Records from a data collection
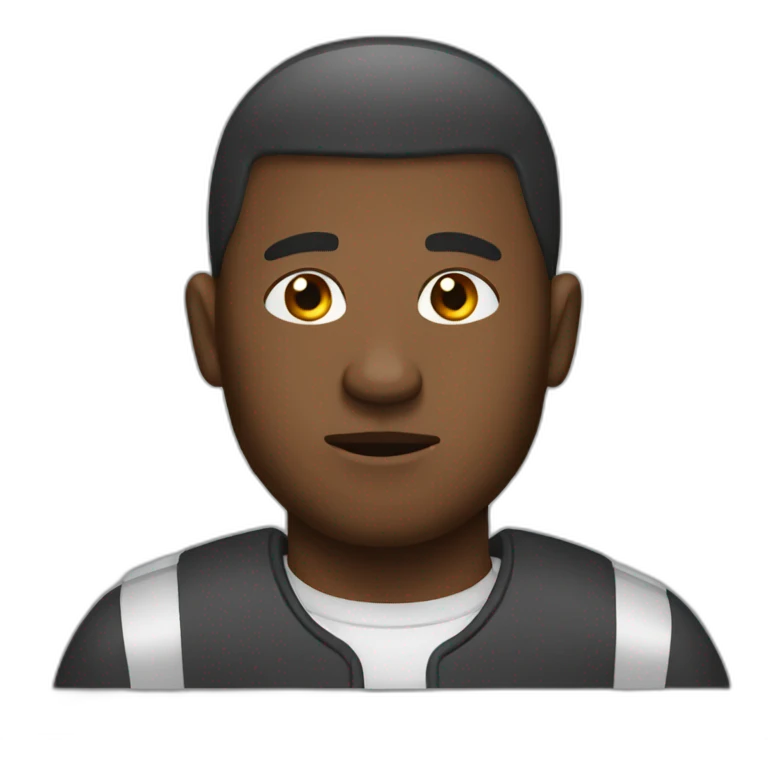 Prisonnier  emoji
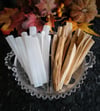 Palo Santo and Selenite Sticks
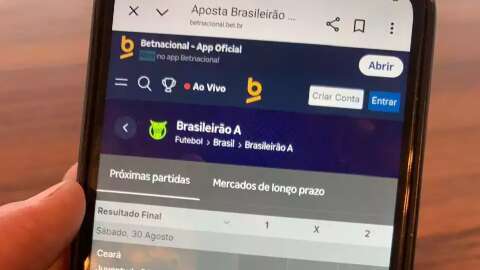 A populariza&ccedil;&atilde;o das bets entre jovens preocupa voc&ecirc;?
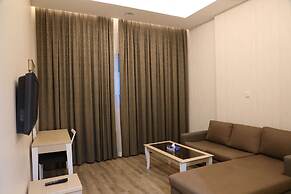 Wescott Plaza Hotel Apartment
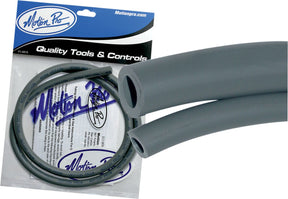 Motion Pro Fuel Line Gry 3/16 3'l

## [Assignment]
Beginning with the line where "A populariza&ccedil;&atilde;o das" appears, transcribe the records above word for word through their last line, and include no pictures.

## [Finished exercise]
 A populariza&ccedil;&atilde;o das bets entre jovens preocupa voc&ecirc;?
 Wescott Plaza Hotel Apartment
 Motion Pro Fuel Line Gry 3/16 3'l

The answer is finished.